22 May, 2015- Minister O’Sullivan Welcomes Breakthrough in Junior Cycle Reform

The Minister for Education and Skills, Jan O’Sullivan TD, has welcomed the breakthrough in negotiations on junior cycle reform, following the publication today of proposals agreed between the Minister and the leadership of the two second-level teacher unions.

Underlying these proposals are Minister O’Sullivan’s five main principles which she stated must be the basis of any change:

1.   The need to recognise a wide range of learning

2.   A requirement to considerably reduce the focus on one terminal exam as a means of assessing our students

3.   The necessity to give prominence and importance to classroom based assessment

4.   Greater professional collaboration between teachers to be a feature of our schools

5.   Both parents and students to get a broader picture of each student's learning throughout the whole of junior cycle

Both the Minister and the unions’ executives have agreed on these principles as the basis for agreement.

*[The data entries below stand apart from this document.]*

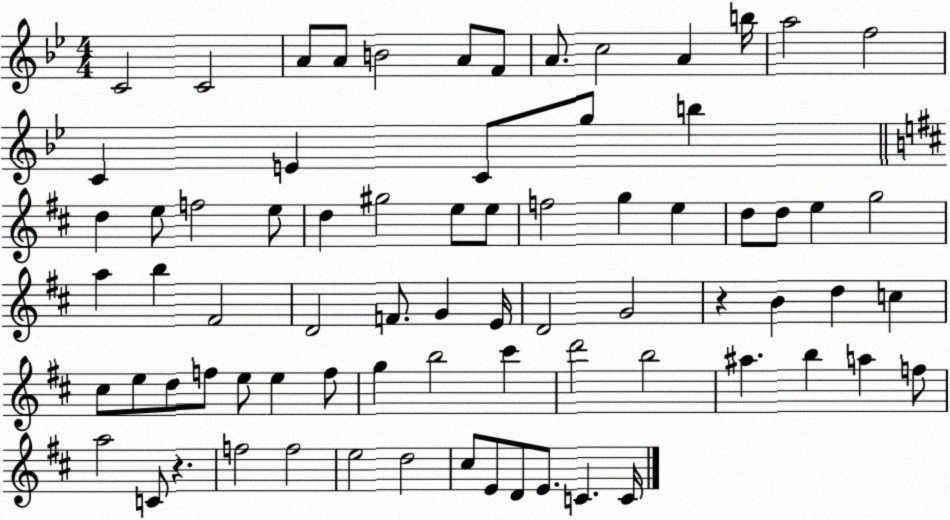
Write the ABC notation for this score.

X:1
T:Untitled
M:4/4
L:1/4
K:Bb
C2 C2 A/2 A/2 B2 A/2 F/2 A/2 c2 A b/4 a2 f2 C E C/2 g/2 b d e/2 f2 e/2 d ^g2 e/2 e/2 f2 g e d/2 d/2 e g2 a b ^F2 D2 F/2 G E/4 D2 G2 z B d c ^c/2 e/2 d/2 f/2 e/2 e f/2 g b2 ^c' d'2 b2 ^a b a f/2 a2 C/2 z f2 f2 e2 d2 ^c/2 E/2 D/2 E/2 C C/4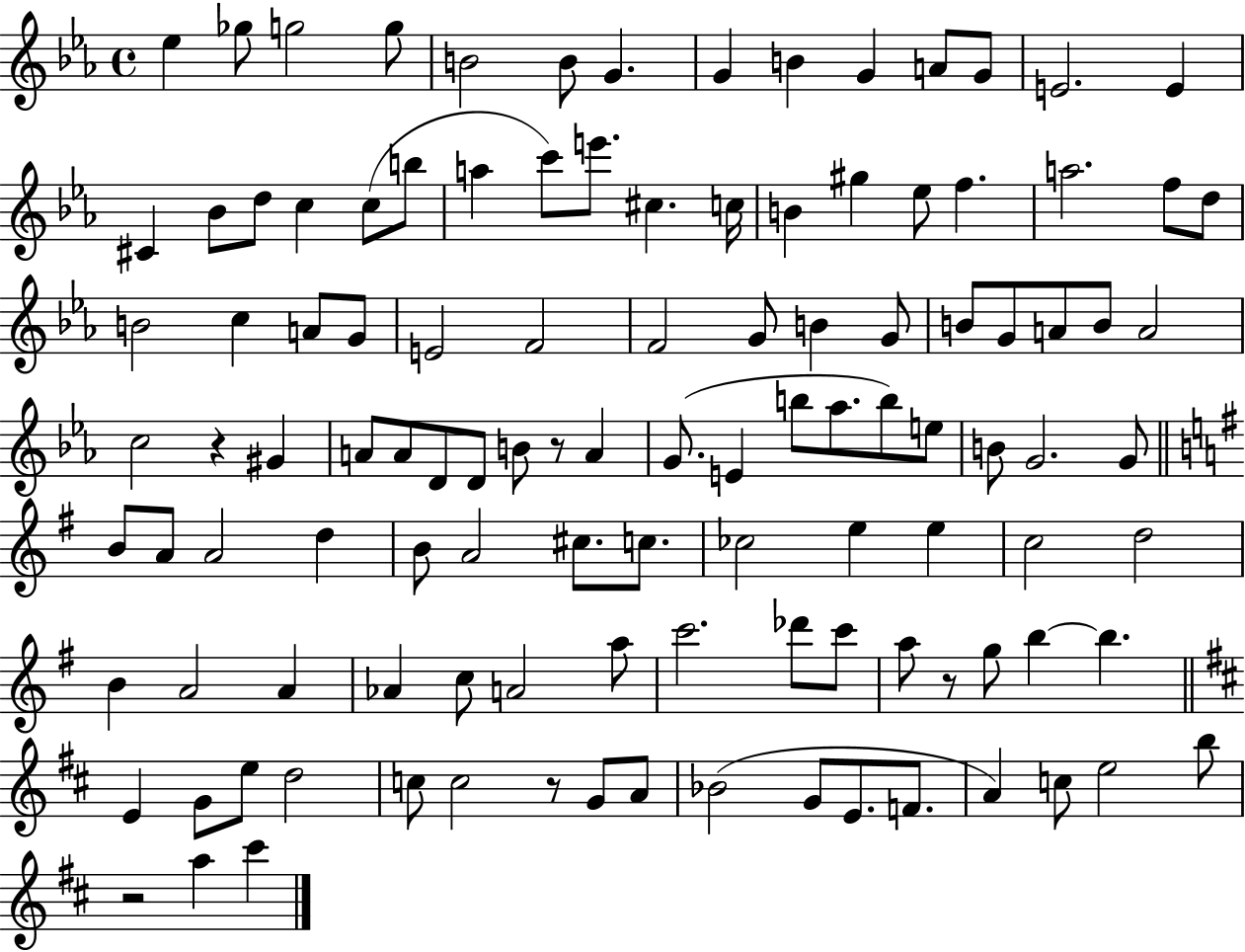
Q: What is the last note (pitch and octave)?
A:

The main elements of the proposals for a reformed Junior Cycle are:

  • A revised final exam will be marked by the State Examinations Commission (SEC)
  • Subject teachers will assess students’ progress through Classroom-Based Assessments (CBAs), with one assessment event per subject in both second and third years.
  • A written Assessment Task, based on the second CBA, will be completed in each subject in third year, marked by SEC and form part of the overall exam result. 
  • Students will study a maximum of ten subjects for State certification.
  • A new subject, “Well-being”, will be studied by all students. This will encompass Physical Education, SPHE and CSPE. New courses will be available for each of these subject areas, and overall learning time will be 400 hours.
  • Students can take short courses, which will be based on programmes developed by the National Council for Curriculum and Assessment (NCCA) or schools themselves, require 100 hours of learning, and be assessed through Classroom-Based Assessment. 
  • Following the completion of the three year Junior Cycle students will receive from their school a Profile of Achievement document which will record their progress in all areas, including the written exam, the Classroom-Based Assessments and other extra curricular activities.
  • An updated Junior Cycle Framework will be published by the end of June this year, providing full details of the possible combination of subjects and short courses.

Announcing her support for the changes, Minister O’Sullivan said: “I wholeheartedly recommend these revised proposals, and believe they merit the support of all involved in education in Ireland. They place the student at the centre of the learning process, and allow for new ways of learning to be properly assessed.

“Expanding the type of assessment and the skills to be assessed is central to junior cycle reform, and, through negotiation, we have been able to deliver the best of both worlds. Students will sit a valued written exam, and have much more of their development and progress measured through classroom assessment.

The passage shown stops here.